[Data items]
------
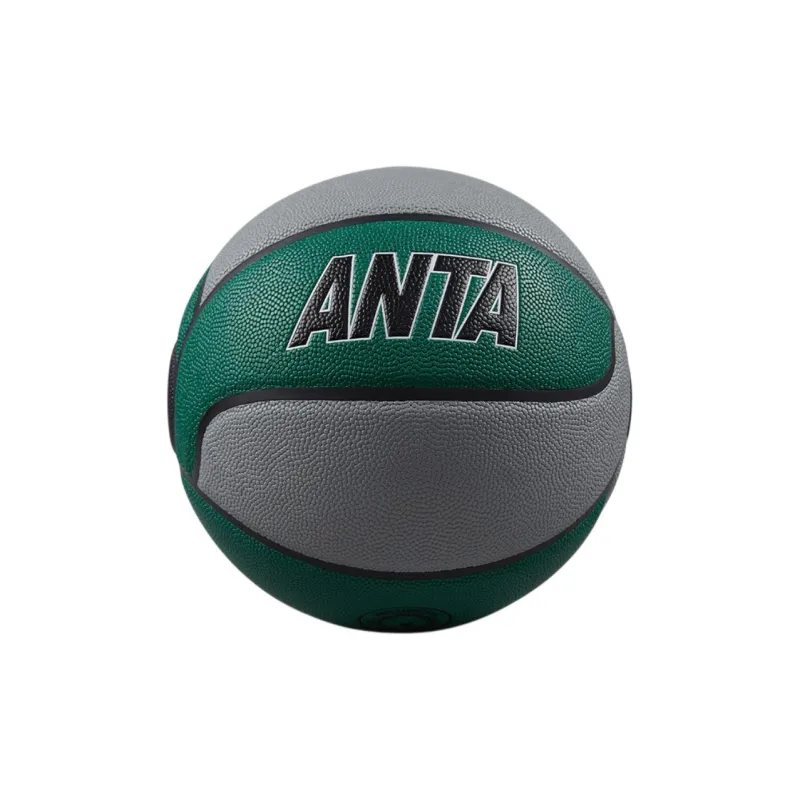 ANTA Basketball-1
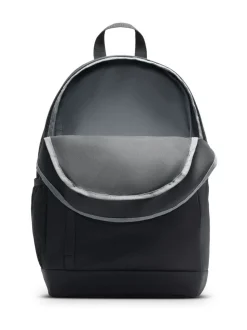 Sac à dos Nike Elemental Big Kids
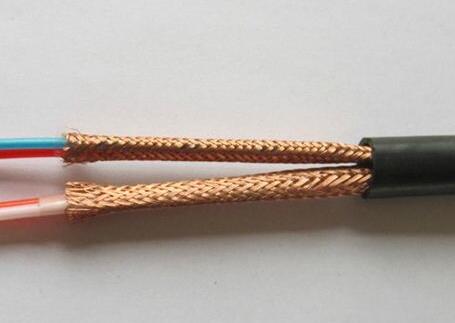 PG���ӡ�(����)��Ϸ������� -pgsoft-games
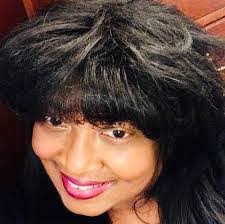 Travis Wigfall's Instagram, Twitter & Facebook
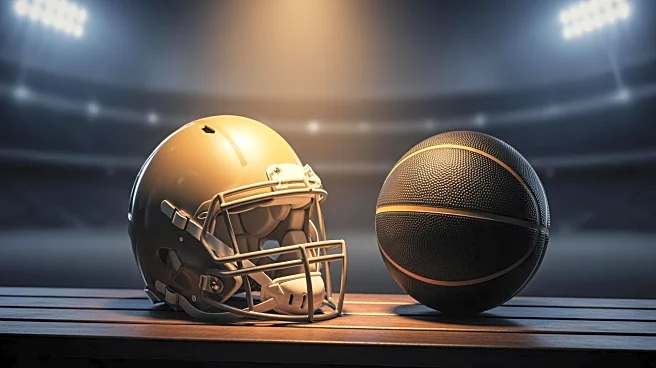 Alabama's Ty Simpson Cites Kobe Bryant After Victory Over Oklahoma in College Football Playoff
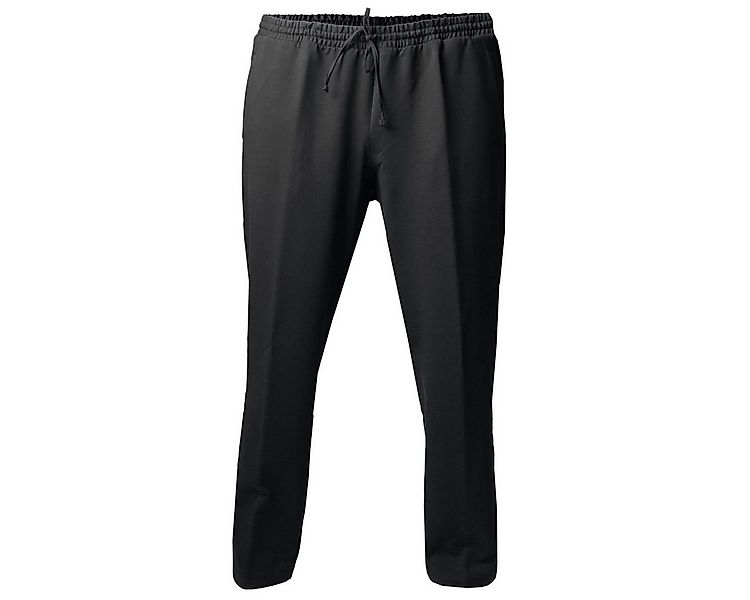 Authentic Klein Trainingshose XXL Trainingshose Übergröße Authentic Klein s günstig online kaufen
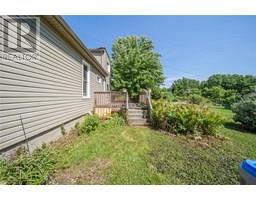 3192 RIVER ROAD - 27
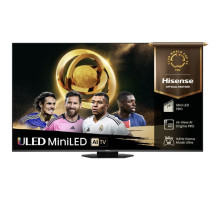 Телевизор Hisense 55U8Q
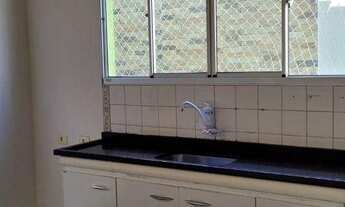 Imagem 4: Ótima casa térrea à venda no Parque São Domingos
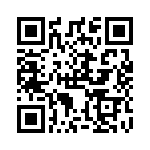 RBM22DTKS QRCode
------
### Exercise prompt
The reply should hold exactly the lines above, starting at the line with "Travis Wigfall's Instagram, Twitter" and ending at the line with "3192 RIVER ROAD - 27", and no pictures.

### Exercise response
 Travis Wigfall's Instagram, Twitter & Facebook
 Alabama's Ty Simpson Cites Kobe Bryant After Victory Over Oklahoma in College Football Playoff
 Authentic Klein Trainingshose XXL Trainingshose Übergröße Authentic Klein s günstig online kaufen
 3192 RIVER ROAD - 27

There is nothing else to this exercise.